B. Did the RPD err in fact or in law in assessing the Applicant's credibility?
[18] The standard of review applicable to the assessment of credibility of an applicant by the RPD is patent unreasonableness (See Thavarathinam v. Canada (Minister of Citizenship and Immigration), 2003 FC 1469, [2003] F.C.J. No. 1866 (F.C.A.), at para. 10; Aguebor v. Canada(Minister of Citizenship and Immigration), [1993] F.C.J. No. 732 (F.C.A.), at para. 4).
[19] The Applicant submits that there is contradictory evidence in the present matter, and that some of the evidence was ignored by the RPD, namely:
- documentary evidence on Bangladesh; and
- a printout of the Election Commission Secretariat of Bangladesh (ECSB) (tribunal's record, p. 227-228) indicating that Mr. Shahjaban Sajoo was a JP candidate in the 2001 election.
[20] The Court should assume, unless there is evidence to the contrary, that the RPD took into consideration all the evidence (see e.g. Florea v. Canada(Minister of Employment and Immigration), [1993] F.C.J. No. 598 (C.A.F.); Lewis v. Canada(Minister of Employment and Immigration), 2004 F.C. 1195, [2004] F.C.J. No. 1436, at para 19 (C.F.)). The printout of the ECSB website was more likely than not taken into consideration, as the Applicant's counsel discussed this document with Mr. Berry at the hearing (p. 314-315, tribunal's record). As for the documentary evidence on Bangladesh, it was not relevant to the issue of credibility as addressed in the matter at hand. Therefore, it is understandable that the documentary evidence was not mentioned or analyzed by the RPD.
[21] The Applicant further contends that it was perverse for the RPD to find that the Applicant was not credible because he could not say if Mr. Shahjaban Sajoo was the President of the Narsingdy District Branch in 1995. In my view, this is not a patently unreasonable finding, taking into account the story of the Applicant, the problems he allegedly experienced in the mid-1990's and the depth of his alleged involvement in the JP (see the Applicant's narrative, p. 24-25), as well as the explanations he provided (tribunal's record, p. 296-297).

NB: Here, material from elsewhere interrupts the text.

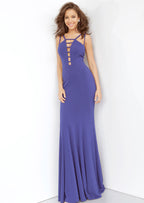 JVN Prom by Jovani Dress JVN2158
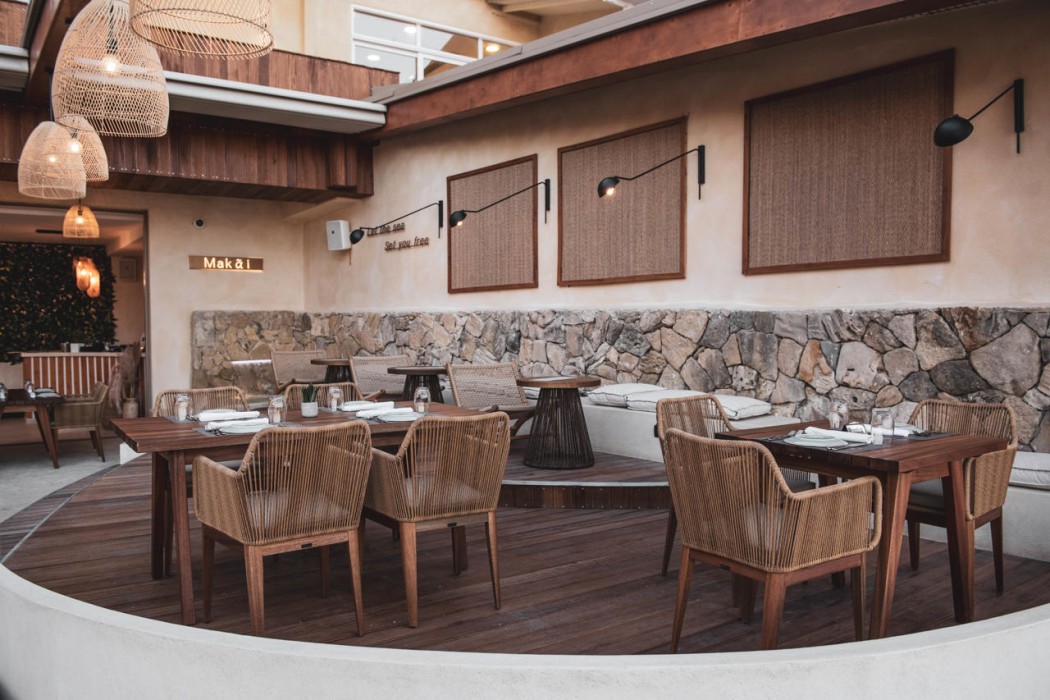 Alexandra Beach Resort & Spa 105/138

[22] Finally, the Applicant submits that it was erroneous to focus on the minor issue of the authenticity of the documents presented while ignoring the rest of the testimony of the Applicant. The Respondent contends that the RPD provided reasons to support its conclusion on the credibility of the Applicant, and that this determination is entitled to deference.
[23] Having considered the totality of the evidence, I am of the opinion that the decision should not be set aside. First, in the circumstances of this case, the finding that the Applicant attempted to mislead the RPD by presenting false documents is sufficient to justify its conclusion that the Applicant is not credible. It should be emphasized that these documents were central to the claim. Also, the only direct evidence submitted by the Applicant to prove his membership in the JP is the letter dated January 22, 2002 signed by a Mr. Shahjahan. No membership cards, no pictures and no material evidence were provided other than this letter. The RPD member relied on the independent inquiry of Mr. De Varennes of the Canadian Mission in Dhaka. It should also be noted that this e-mail raises concerns about the authenticity of other documents submitted by the Applicant. In this context, I think it was correct for the RPD to reject en masse all the documents presented by the Applicant
[24] Although the decision could have been structured in a better fashion, (I have noted that the decision was initially given orally) there is no patently unreasonable finding in the RPD's reasoning.
[25] Considering that questions of credibility are in the RPD's purview, unless a patently unreasonable conclusion is reached, I believe that this application for judicial review should be dismissed.
[26] Both counsels were invited to ask a question for certification but they declined.
JUDGMENT
THE COURT HEREBY ORDRES THAT:
- The application for judicial review is dismissed and no question is certified.
"Simon Noël"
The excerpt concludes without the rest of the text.